In the second article of this series, Uwe Ricken discusses ways to affect the performance of queries involving heaps, including the TOP operator, compression, and partitioning.

The series so far:

  1. Heaps in SQL Server: Part 1 The Basics
  2. Heaps in SQL Server: Part 2 Optimizing Reads
  3. Heaps in SQL Server: Part 3 Nonclustered Indexes
  4.  Heaps in SQL Server: Part 4 PFS contention

Heaps are not necessarily the developer’s favourite child, as they are not very performant, especially when it comes to selecting data (most people think so!). Certainly, there is something true about this opinion, but in the end, it is always the workload that decides it. In this article, I describe how a Heap works when data are selected. If you understand the process in SQL Server when reading data from a Heap, you can easily decide if a Heap is the best solution for your workload.

Advanced Scanning

As you may know, Heaps can only use Table Scans to retrieve data which are requested by the client software. In SQL Server Enterprise, the advanced scan feature allows multiple tasks to share full table scans. If the execution plan of a Transact-SQL statement requires a scan of the data pages in a table, and the Database Engine detects that the table is already being scanned for another execution plan, the Database Engine joins the second scan to the first, at the current location of the second scan. The Database Engine reads each page one time and passes the rows from each page to both execution plans. This continues until the end of the table is reached.

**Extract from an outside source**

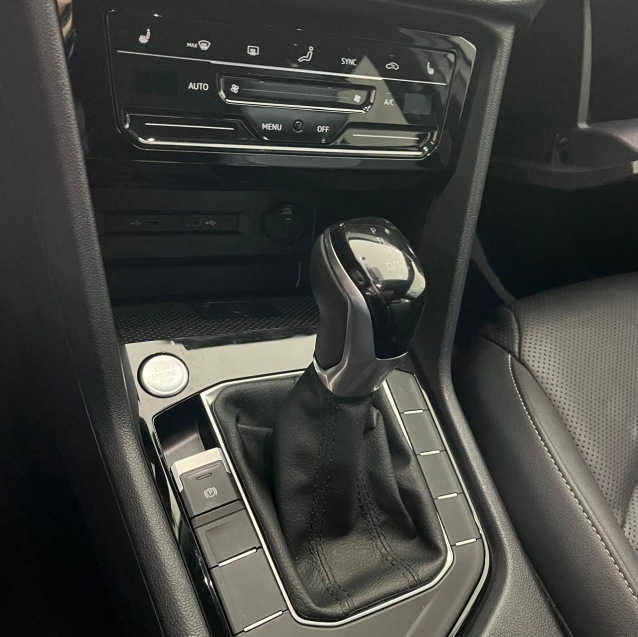 volkswagen taos 1.4 250 tsi total flex highline automatico 4p manual 20257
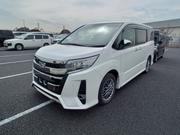 Toyota Noah Hybrid SIWXB Pearl 2021 for sale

At that point, the first execution plan has the complete results of a scan, but the second execution plan must still retrieve the data pages that were read before it joined the in-progress scan. The scan for the second execution plan then wraps back to the first data page of the table and scans forward to where it joined the first scan. Any number of scans can be combined like this. The Database Engine will keep looping through the data pages until it has completed all the scans. This mechanism is also called “merry-go-round scanning” and demonstrates why the order of the results returned from a SELECT statement cannot be guaranteed without an ORDER BY clause.

Select data in a Heap

Since a Heap has no index structures, Microsoft SQL Server must always read the entire table. Microsoft SQL Server solves the problem with predicates with a FILTER operator (Predicate Pushdown). For all examples shown in this article, I created a table with ~ 4,000,000 data records from my demo database [CustomerOrders]. After restoring the database, run the code to create the new table, CustomerOrderList.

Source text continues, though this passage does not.